In my last post I documented my uncomfortable relationship with modernity's interpretation of Christianity. This discomfort started a number of years ago (7?), but it was not until a year ago that I was able to find words for my feelings and a potential solution to my frustration.

It was largely through my time attending Biblical Theological Seminary that I became aware of a Christianity not tied to foundational thinking. I discovered that I was not alone in my desire for a faith that was post-modernity, there were many people just like me struggling with the same issues. These people, generally identify themselves as "emerging", Christians looking to "emerge" from the constrains of modern ways of thinking into something else.

What is special about these emerging and missional people is that they are united, not around an answer, but around a question. They realize the culture we are in has changed, yet the church has not. Their question then is: "What should we as the church do, how should we react?" Many of the answers the emerging movement has to this question are very different for one other.

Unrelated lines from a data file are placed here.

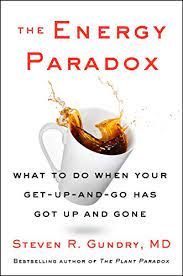The book is divided in two parts: The Energy Paradox What To Do When Your Get Up And Go Has Got Up And Gone The Plant Paradox Book 6 English Edition Ebook Gundry Gundry Amazon De Kindle Shop
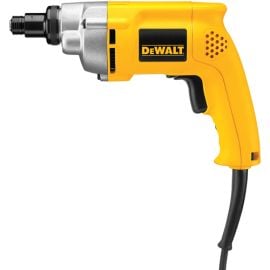 Dewalt DW281 0-2500 Rpm Vsr Positive Clutch Screwdriver 6.5 Amp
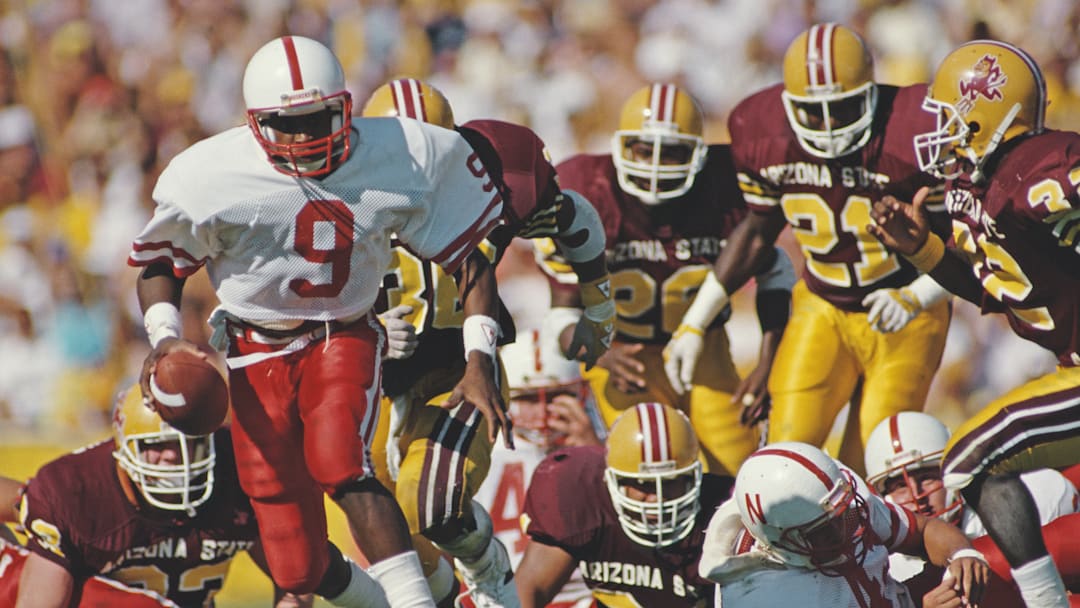 Nebraska Cornhuskers vs Arizona State Sun Devils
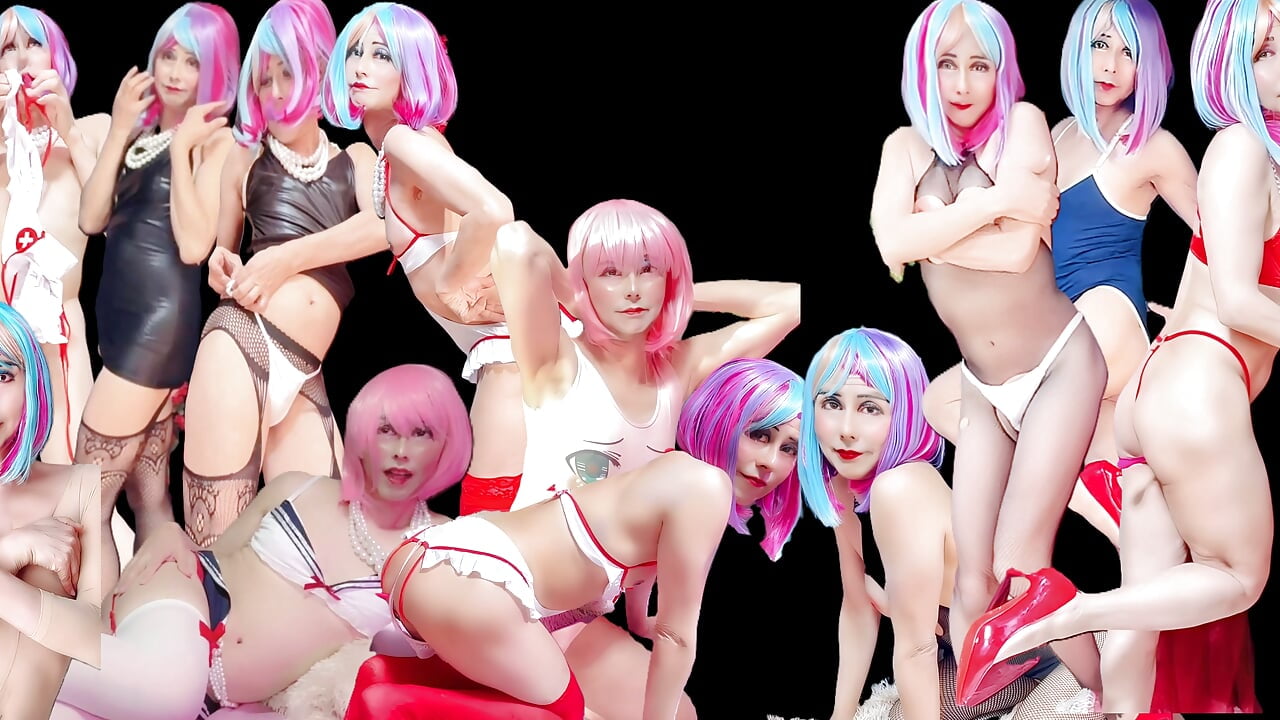 💖See Lunoryn in the past and future💖 - clip cu lunoryn model videochat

These people do not have a united response to modernism (only that it is bad), nor do they have a unified response to the postmodern culture we are in.

Through thinkers like John Franke, Jamie Smith, Brian McLaren, and Scot McKnight, and organizations such as Emergent Village I found myself supported and encouraged in my quest for a postmodern faith. It was their collective support that led me to Peter Rollins' How (Not) to Speak of God (NOTE: I am not in love with Rollins, nor do I consider him the be-all-end-all of postmodern Christianity. It is only that through his book all of the stuff I was wrestling with came into focus and made sense.)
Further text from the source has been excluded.